BEIJING, Nov. 5, 2009 (Xinhua News Agency) -- Chinese airlines stocks outperformed the A-share stock market Thursday.
The A-shares of the three Chinese airline giants China Southern Airlines (NYSE:ZNH) (ZNH.NYSE; 01055.HK; 600029.SH), Air China (601111.SH; 0753.HK) and China Eastern Airlines (CEA.NYSE; 00670.HK; 600115.SH) gained 4.46 percent, 3.97 percent and 5.09 percent, respectively, outperforming the benchmark Shanghai Composite Index, which rose 0.85 percent to close at 3.155.05 points.
The Chinese airlines stocks were stimulated by China Securities Regulatory Commission (CSRC)'s approval on the A-share issue scheme of China Eastern, which plans to place 1.35 billion A-shares and no more than 490 million H-shares, aiming to raise seven billion yuan.

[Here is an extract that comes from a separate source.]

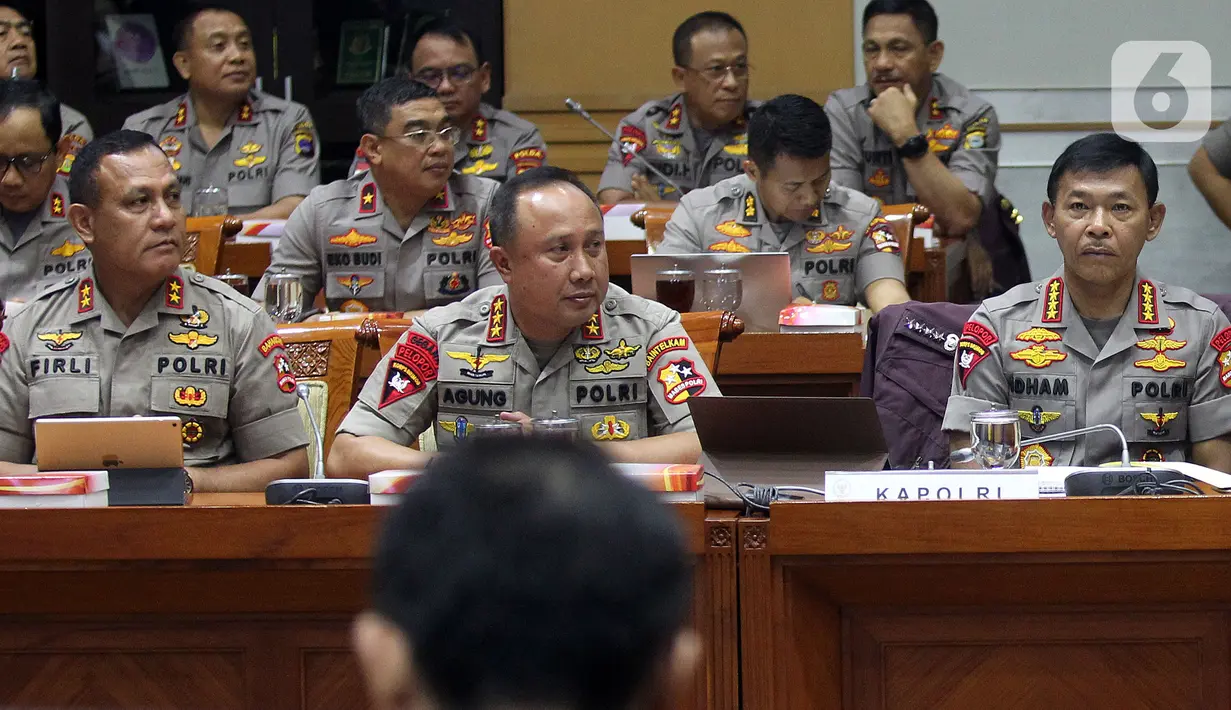 Kapolri Jenderal Polisi Idham Azis (kanan) saat rapat kerja perdana dengan Komisi III DPR di Kompleks Parlemen, Jakarta, Rabu (20/11/2019). Rapat membahas anggaran, pengawasan, dan isu-isu terkini di Indonesia termasuk bom bunuh diri di Polrestabes Medan. (Liputan6.com/JohanTallo)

The airline stocks are also supported by China's central government's official approval on the Shanghai Disneyland (NYSE:DCQ) (NYSE:DIS) Project, announced by the Shanghai municipal government Wednesday. Many Chinese airlines hold the plan to open Disneyland flight routes in the future upon the settlement of the Disneyland project in Shanghai.
The A-shares of Shanghai Airlines (600591.SH) and Hainan Airlines (600221.SH) also surged 4.99 percent and 8.55 percent, respectively, on Thursday.